I doubt they used e any grease when they built the presses, and regular oiling should be adequate.

Hope this helps,

I took to using oil like Castrol Syntec or another synthetic oil. I leaves a film of oil evan after the bulk of the oil has run through. You shouldn’t have to worry about running a lighter oil if you have rebuilt your press (as long as you kept the oil holes open). The gears should be lightly greased, I use a white grease and a 1” bristle brush so I don’t over grease. I always oil with a can in one hand and a rag in the other to keep the press clean from drips. Don’t over oil either, to start with you might have to put in 2 or three drops, perhaps 5 or six in the main shaft to reach the joints and shafts, but after you get going you should only need a drop in most holes.I always oil at the beginning of a printing session, or once a day if you are running all the time. Make sure that your roller saddles are well oiled, as they have small shafts and are spinning rapidly. As you get to know your press you will discover areas that need more frequent oiling by how the oil runs through. It’s a good idea, if you have space, to put down an oil-pan under your press.


The exact type of oil is not critical for a C&P. The clearances are all rather loose by design, and the press runs at slow speed. Virtually any good machine oil will work just fine. I use 3-in-1 for almost everything that is in good condition, and 50 weight motor oil for really worn machines.

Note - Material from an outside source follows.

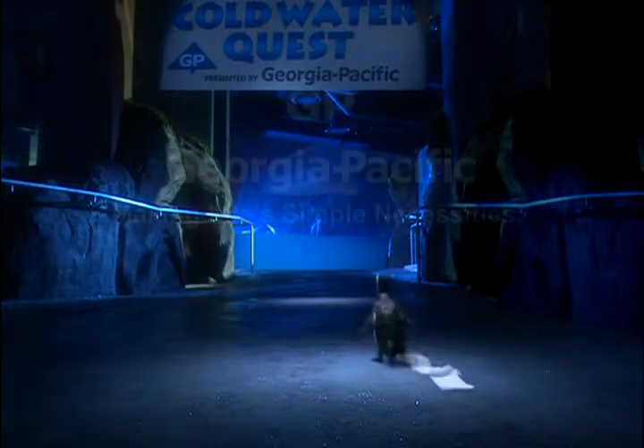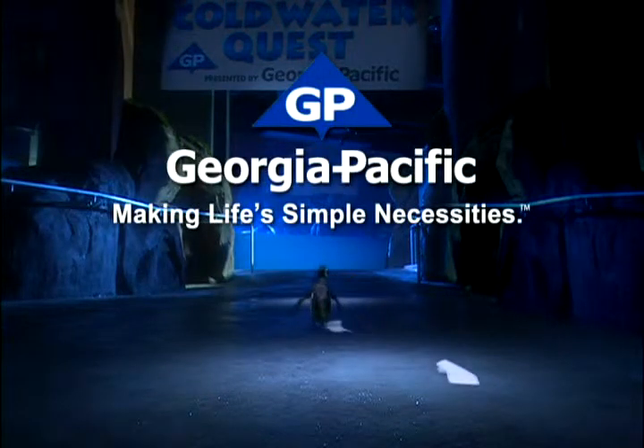Well, you get the idea. Georgia Pacific, proud sponsor of the Cold Water Quest at the Georgia Aquarium.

What is more important is to not over-oil your press. One of the things I see over and over again when dealing with old presses, is gobs of gooky old oil. For some reason folks always over-oil their presses. They did so years ago, and they still do so today. All you need is enough oil to keep the moving part lubricated, and no more. Oil running down the side of your press does no good at all, and can increase the amount of paper spoilage. Besides, it just looks bad. A little oil drippage does not do any harm, of course…. but a lot of drippage should be avoided.

I use 30 wt automotive oil everywhere on my 8x12 C&P but between the large and pinion gear, where I use axle grease.

Great insight into this, everyone. Thanks.

It seems before reassembly, I should manually put oil in the areas that I described above (for example, the area where the rocker fits into the side arms, where the side roller frames fit onto the back shaft). Manually meaning with a rag or something before reassembly versus reassembling then oiling those areas through the oil holes. I’m probably overthinking this one. :)

I’m nearing completion of the press derust, strip paint, prime and paint. Soon, I’ll be diving further into the motor configuration.

I’ll be sure to post pics of the final, restored press!

I wonder if a “sticky” assembly oil would work well. When doing engine work we coat all bearings and such with “Marvels Mystery Oil”.